NXOntology data: making ontologies accessible as simple JSON files
This repository imports public ontologies/taxonomies into Python NXOntology objects and writes the ontologies in the JSON-based node-link data format. The goal is to standardize and simplify data access to ontologies.
For ontologies that have been imported into NXOntology and exported to JSON,
see the output/*
branches on GitHub,
for example output/pubchem
.
Once you find the ontology you'd like to read,
you can read in Python
(after installing any dependenies like pip install nxontology
):
# URL to the exported dataset.
# Here we read the ChEMBL protein/target classification hierarchy.

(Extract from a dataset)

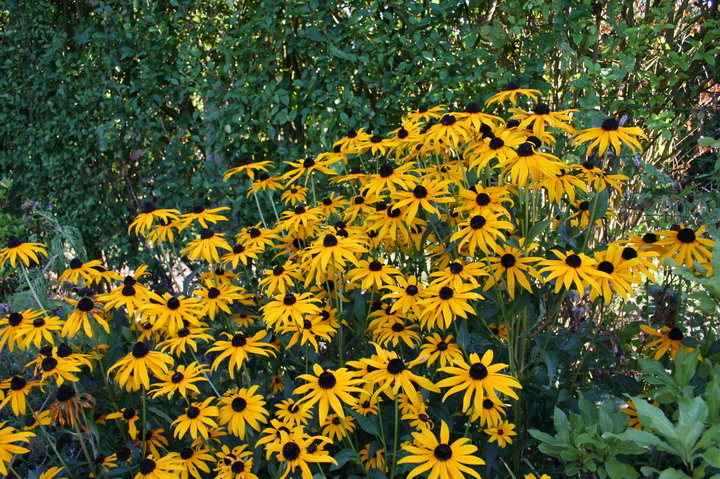Rudbéckia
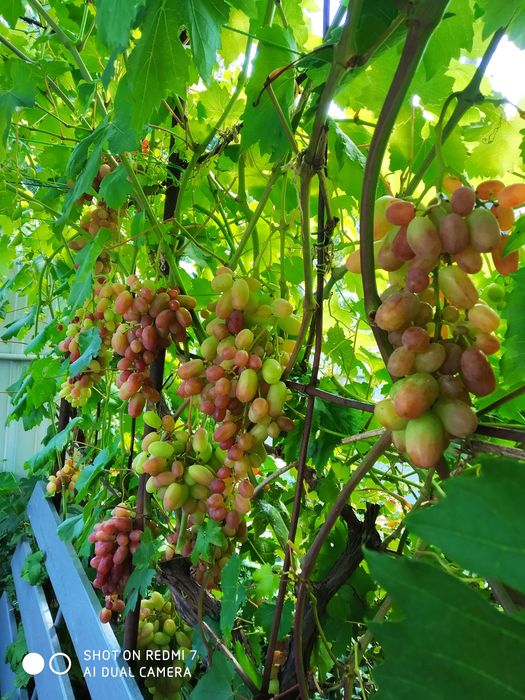 Продам саженцы винограда и чубуки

url = "https://github.com/related-sciences/nxontology-data/raw/output/pubchem/087_chembl_target_tree.json"
# Versioning with the commit hash is a good idea, since we might change the branch structure where data is stored.
url = "https://github.com/related-sciences/nxontology-data/raw/71cf538dc5c258ada880d58663b0205b7b7f8561/087_chembl_target_tree.json"

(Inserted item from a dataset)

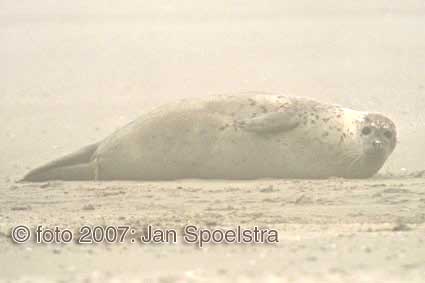 Voor fotografie op ameland: www.janspoelstra.nl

# To read as an NXOntology object,
# which encapsulates the networkx graph.
# Will also work for the gzip compressed files.
from nxontology import NXOntology
nxo = NXOntology.read_node_link_json(url)
# To read as a networkx.DiGraph
import requests
from networkx.readwrite.json_graph import node_link_graph
digraph = node_link_graph(requests.get(url).json())
Sources
The data sources that are currently imported are listed below. Please open an issue if you are interested in contributing support for additional sources.
MeSH
MeSH (Medical Subject Headings) is created by the National Library Medicine and integrated into many projects including PubMed. See nxontology_data/mesh for a detailed README.
PubChem
We import ontologies from the PubChem Classifications service (see browser & docs). Most ontologies indexed by service do not originate with PubChem, but PubChem provides convenient and standardized bulk access.
Development
# Install the environment
poetry install --no-root
# Update the lock file
poetry update
# Run tests
pytest
# Set up the git pre-commit hooks.
# `git commit` will now trigger automatic checks including linting.
pre-commit install
# Run all pre-commit checks (CI will also run this).
pre-commit run --all
License
This source code in this repository is released under an Apache License 2.0 License
(see LICENSE.md).
Source code refers to the contents of the main
branch and any other development branches containing code and documentation.
The output branches contain data from external ontologies. Please refer to each respective ontology for its data license. If available, we include license information in the graph metadata for each ontology, but often license information is not supplied in the ontology data we ingest. Please attribute the source ontology when reusing data obtained from this project, and as best practice mention that the data was obtained via NXOntology data.
Any original data produced by this repository is released under a CC0 1.0 Universal (CC0 1.0) Public Domain Dedication. As noted above, the underlying ontology data is not original to this repository and upstream licenses should be consulted.